Джо вздрогнул и смутился, но послушно выполнил требование. Он был толстым мальчиком, который всегда краснел и заикался, когда пугался чего-нибудь. В этот момент более яркой иллюстрации вины, чем Джо, невозможно было придумать.
– Брось в огонь, – сказала Энни.
Джо побледнел.
– П… п… пожалуйста, м… м… мисс, – начал он.
– Делай, как я тебе сказала, Джозеф, и никаких слов больше.
– Н… н… н-но м… м… м-м-мисс, они… – ему не хватало воздуха от отчаяния.
– Джозеф, ты собираешься меня слушаться или нет? – спросила Энни.
Тон Энни и опасный блеск ее глаз напугали бы сейчас мальчишку и побойчее и посмелее, чем Джо Слоун. Это была новая Энни, какой никто из ее учеников никогда еще не видывал. Джо, бросив печальный взгляд на Сент-Клера, подошел к печке, открыл большую прямоугольную дверцу и бросил в огонь сверток из голубой в белую полоску бумаги, прежде чем вскочивший на ноги Сент-Клер успел промолвить хоть слово. Но затем Сент-Клер поспешил снова сесть, и вовремя.
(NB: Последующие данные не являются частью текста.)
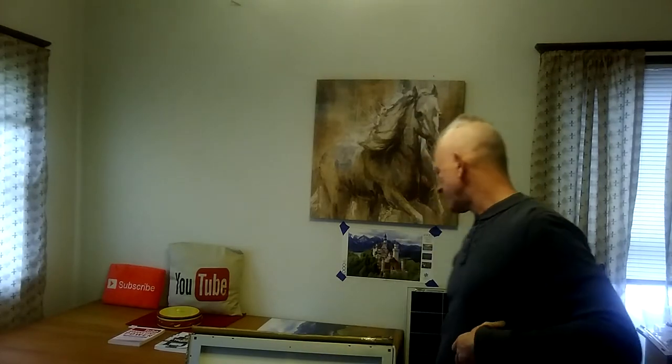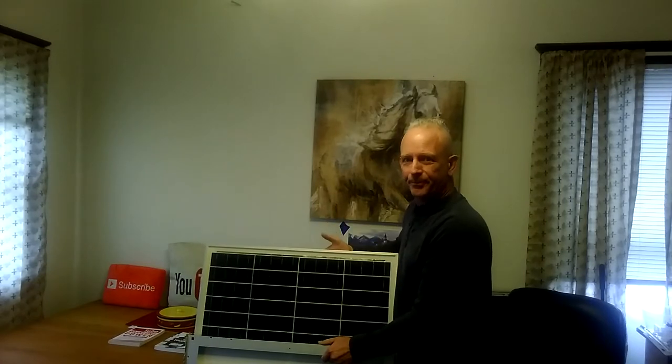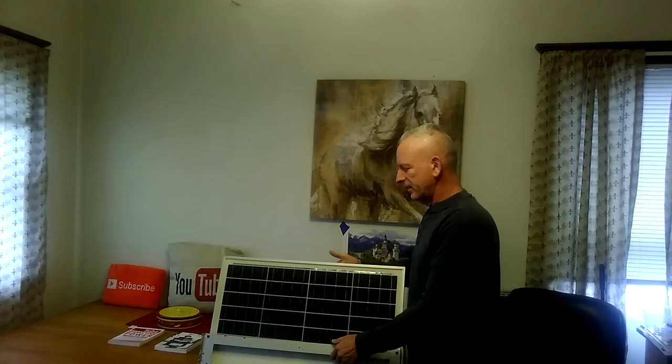Welcome to DIY Solar Lint. I want to just show you — this came in the mail probably a week ago, but I don't have the lumber yet to build solar arrays. You can see the back of one solar panel here and the front of the other one. I now have 26 solar panels.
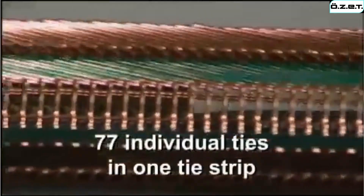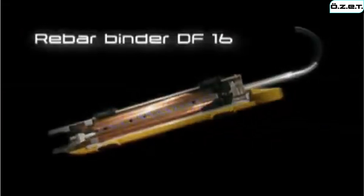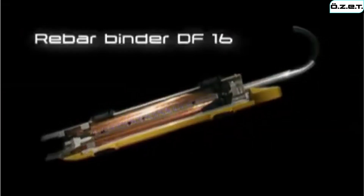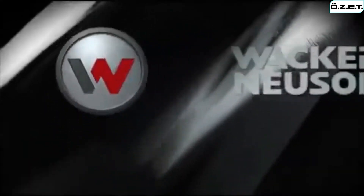The DF-16 has a tie strip containing 77 individual ties, therefore enabling the Rebar Binder to consistently meet the toughest time demands. A Wacker Neuson product.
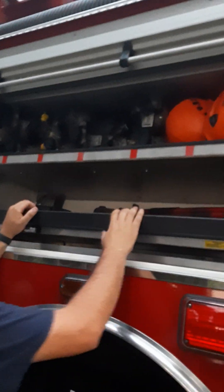Spare bottles. You have an E1 engine? No, we got four-digit numbers. What's this? Those are rope rescue helmets.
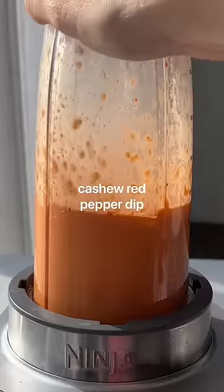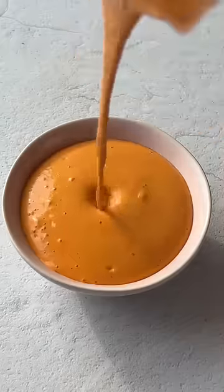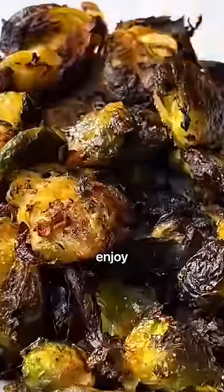While they're in the oven, I highly recommend whipping together this cashew roasted red pepper dip. Enjoy and follow for more!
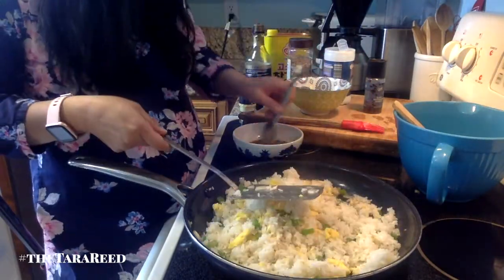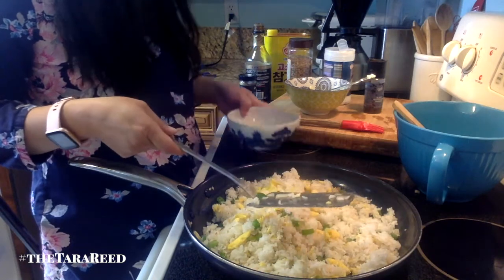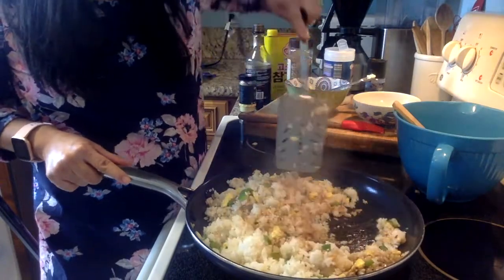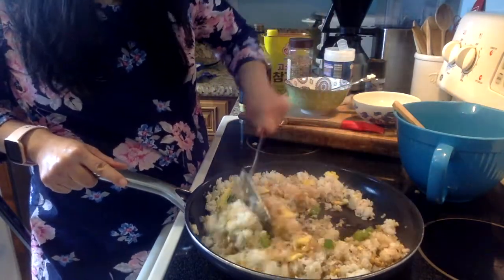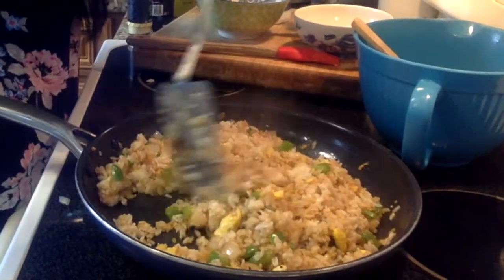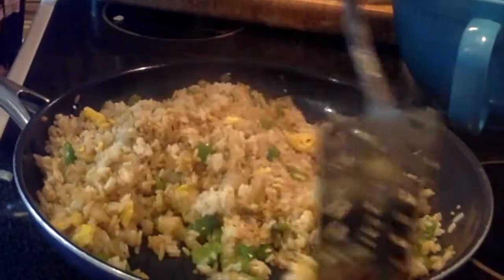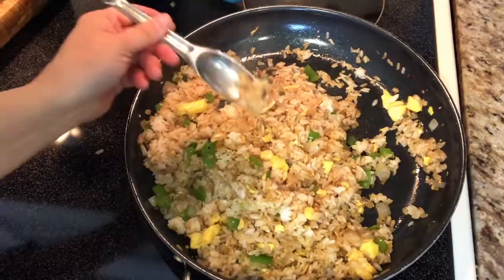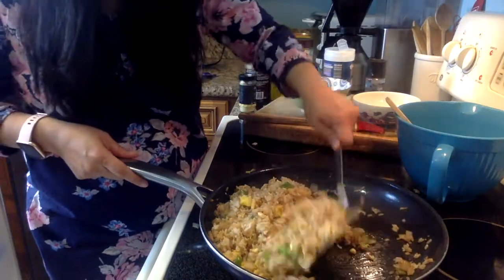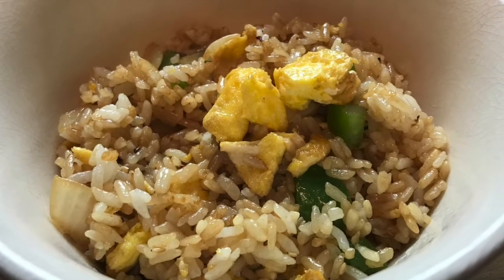Now we're going to add the secret sauce. Let me taste it. It's pretty good! So you just season it to your own taste — this is just my version. See that? Looks like the restaurant, right? Too easy. Let's taste it. It's good too. Spicy. Looks cooked, good to go. Oh my gosh, so delicious — we gobbled it down.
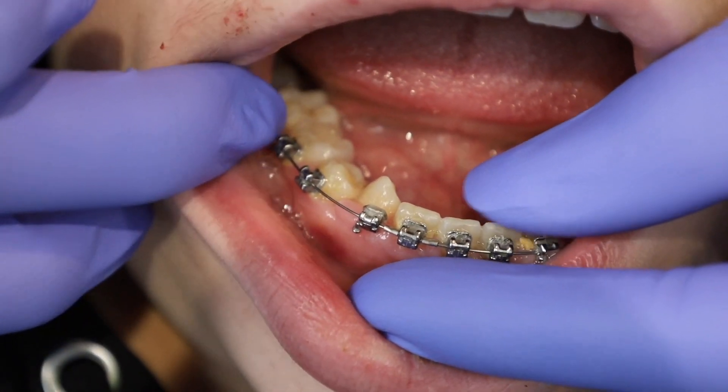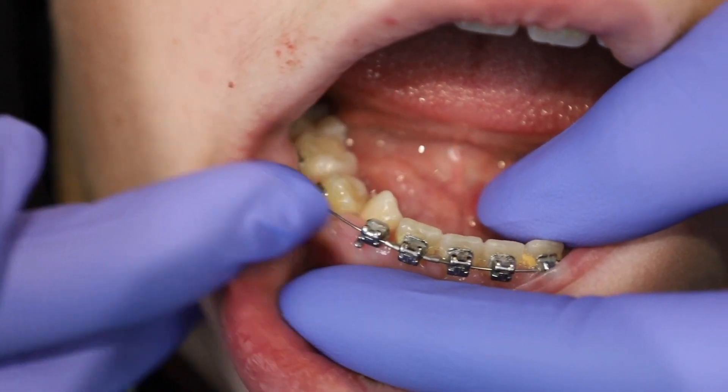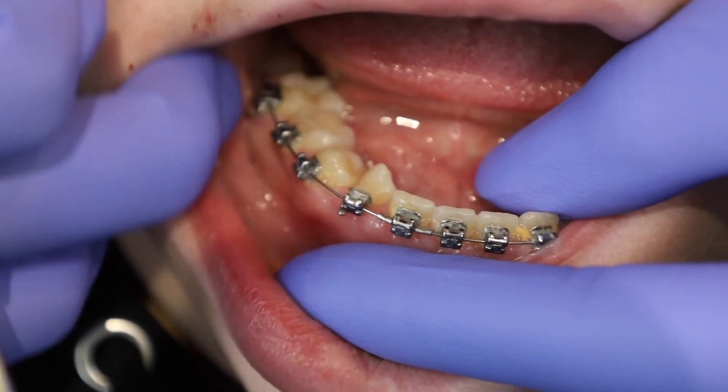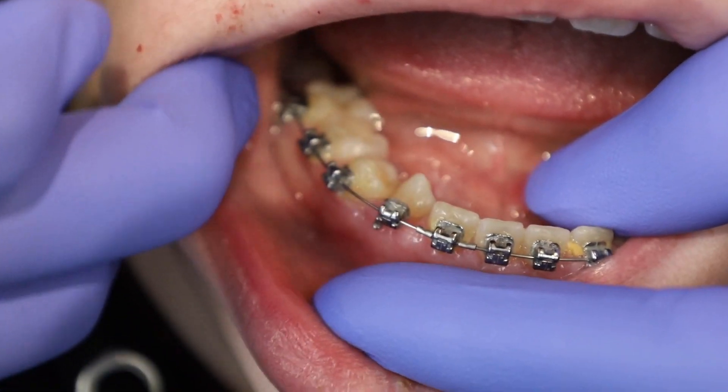If you have a broken bracket toward the front like this one, it is sometimes going to spin around the wire like this, which can be irritating. But to save you a trip to the office until you can get to see us next, here's what you can do.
В течение нескольких сред напуганные обитатели эвонлийской школы не знали, то ли произошло землетрясение, то ли извержение вулкана. Невинно выглядящий сверток, который Энни слишком поспешно оценила как ореховый пирог миссис Хайрем, в действительности оказался набором для фейерверка из хлопушек и колес, за которыми днем раньше отец Сент-Клера Доннелла посылал в город Уоррена Слоуна, поскольку готовился этим вечером отпраздновать день рождения.
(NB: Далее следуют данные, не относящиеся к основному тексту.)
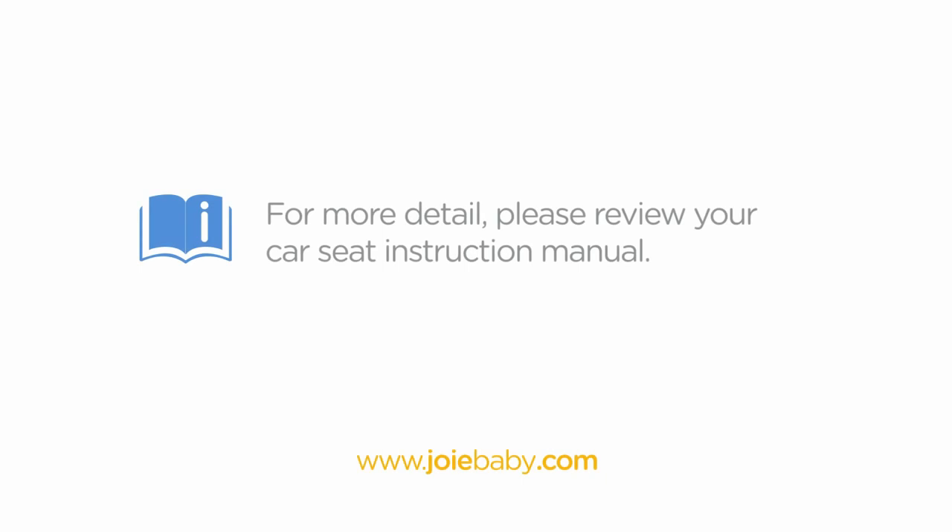For more detail, please review your car seat instruction manual or visit www.joybaby.com.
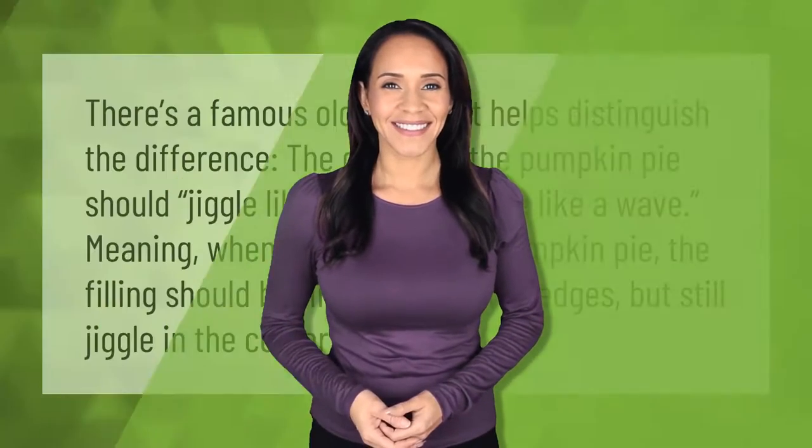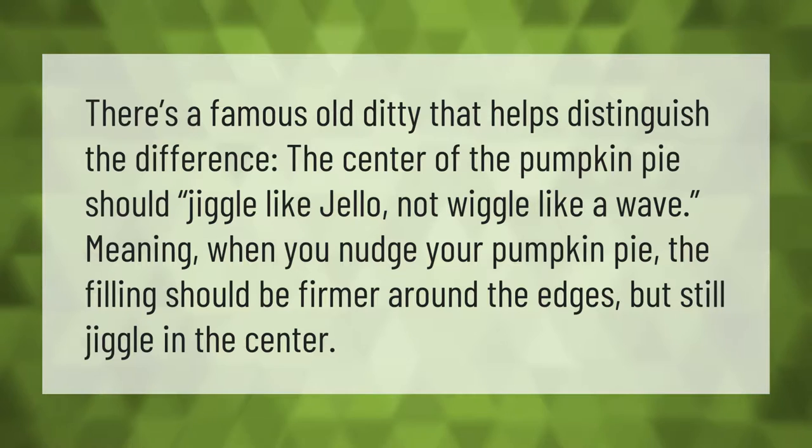There's a famous old ditty that helps distinguish the difference: the center of the pumpkin pie should jiggle like jello, not wiggle like a wave. Meaning, when you nudge your pumpkin pie, the filling should be firmer around the edges but still jiggle in the center.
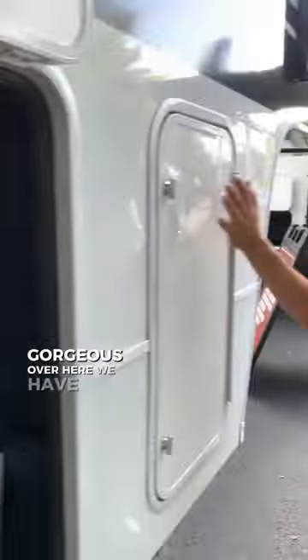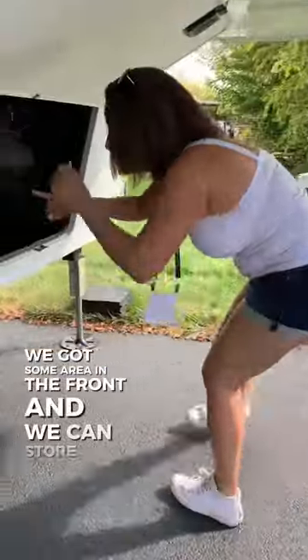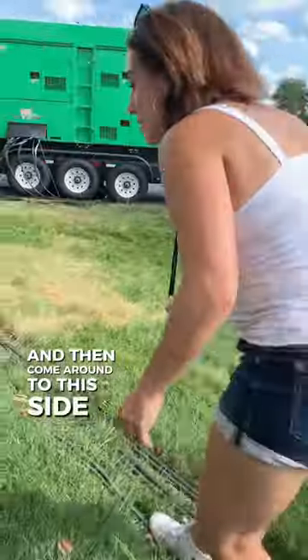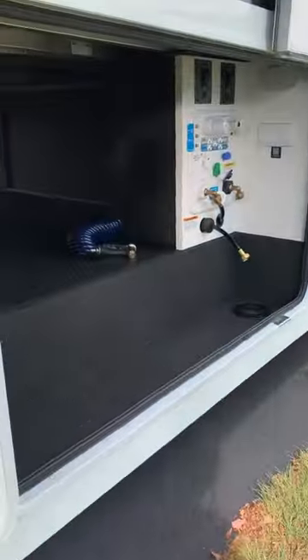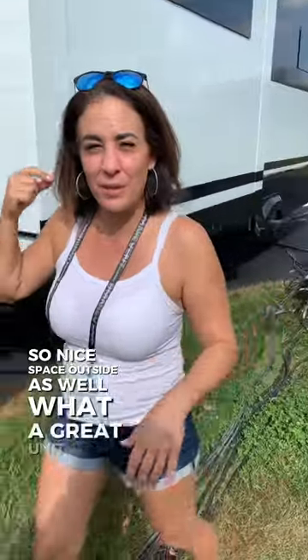Over here we have our propane tank, we got some area in the front that we can store things, also our fluids, our inverter. Come around to this side — it's a nice space outside as well. What a great unit!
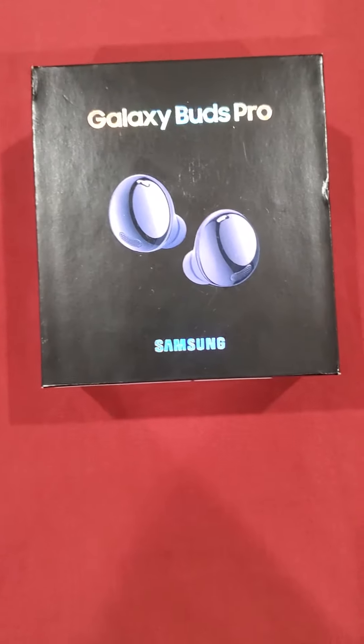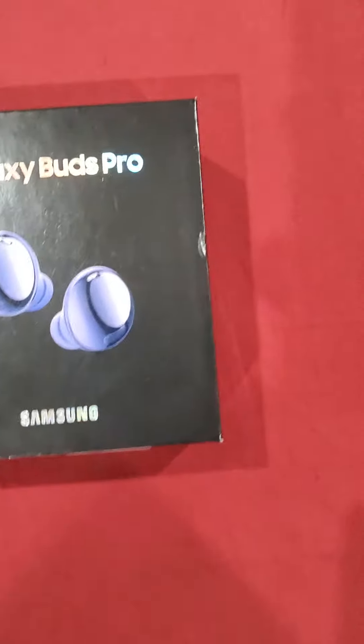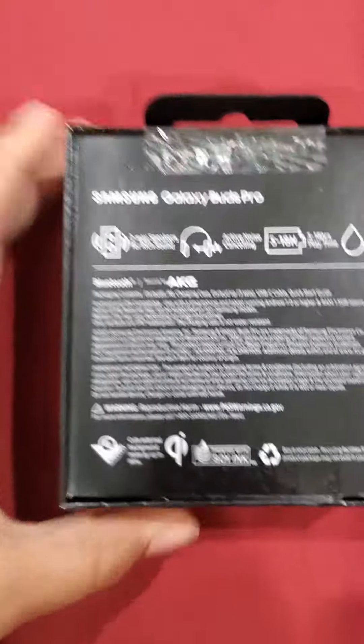Hi, today I'm gonna be unboxing the Galaxy Buds Pro from Samsung, so let's get right into it. So here's the box — let's open it up.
Хлопушки взрывались с громовым грохотом, а колеса вылетали из дверцы печки и раскатывались по комнате, шипя и разбрызгивая огонь. Энни опустилась на стул, побелевшая от испуга, а все девочки с криком повскакивали со своих мест и забрались на столы. Джо Слоун словно прирос к месту посреди всего этого столпотворения, Сент-Клер умирал от смеха, Прилли Роджерсон потеряла сознание, а Аннетта Белл впала в истерику.
Светопреставление длилось всего несколько минут, а казалось вечностью. Наконец унялось, догорев, последнее колесо. Энни, придя в себя, вскочила и стала открывать окна и двери, чтобы газы и дым, наполнившие классную комнату, выветрились. Затем она помогла девочкам вынести к выходу из школы все еще бесчувственную Прилли, где Барбара Шоу, охваченная острым желанием принести пользу, вылила на лицо и плечи Прилли ведро полузамерзшей воды, прежде чем кто-нибудь успел ее остановить.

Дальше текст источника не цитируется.